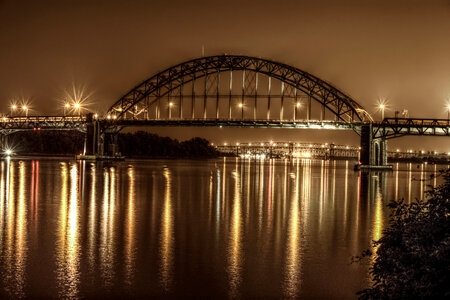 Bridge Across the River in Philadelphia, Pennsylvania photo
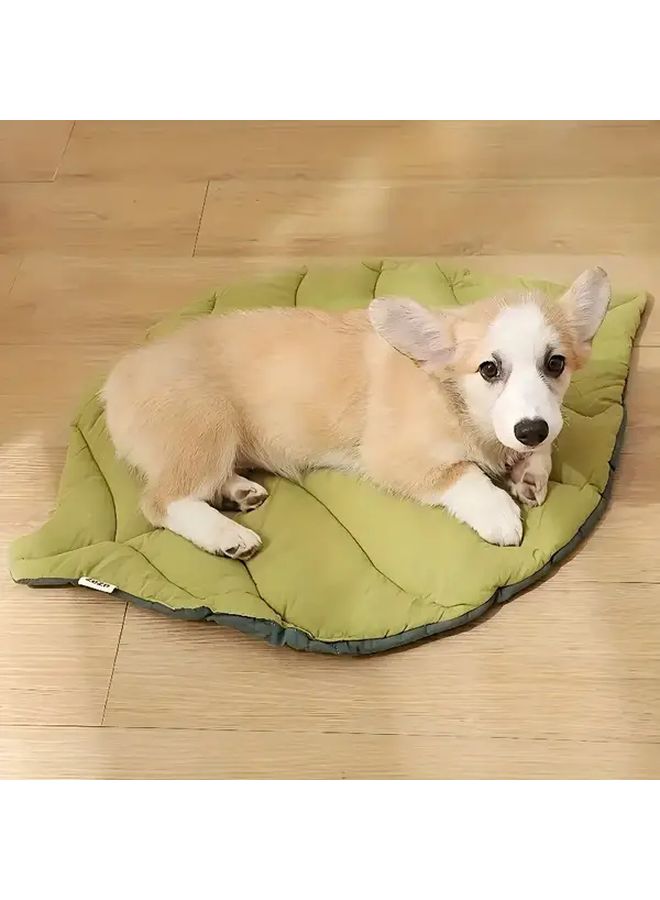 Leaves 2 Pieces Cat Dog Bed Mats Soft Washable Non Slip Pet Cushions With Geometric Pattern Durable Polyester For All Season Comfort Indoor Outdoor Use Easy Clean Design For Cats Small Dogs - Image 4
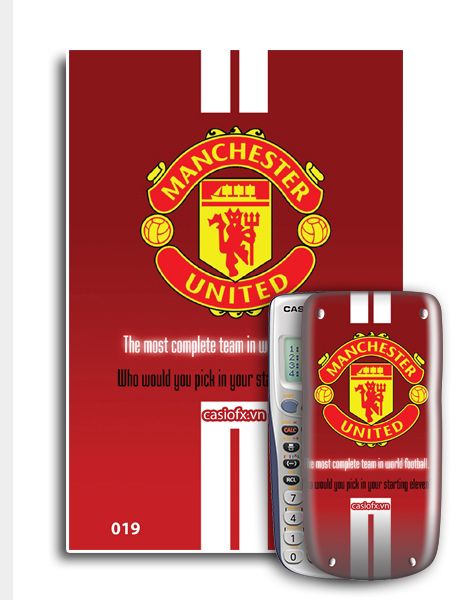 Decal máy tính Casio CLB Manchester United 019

___

* _YOUR TASK_: Set down nothing but the lines from the one containing "Leaves 2 Pieces" to the final line above, both included, with every picture left out.

* _ANSWER FOR THE TASK_:
 Leaves 2 Pieces Cat Dog Bed Mats Soft Washable Non Slip Pet Cushions With Geometric Pattern Durable Polyester For All Season Comfort Indoor Outdoor Use Easy Clean Design For Cats Small Dogs - Image 4
 Decal máy tính Casio CLB Manchester United 019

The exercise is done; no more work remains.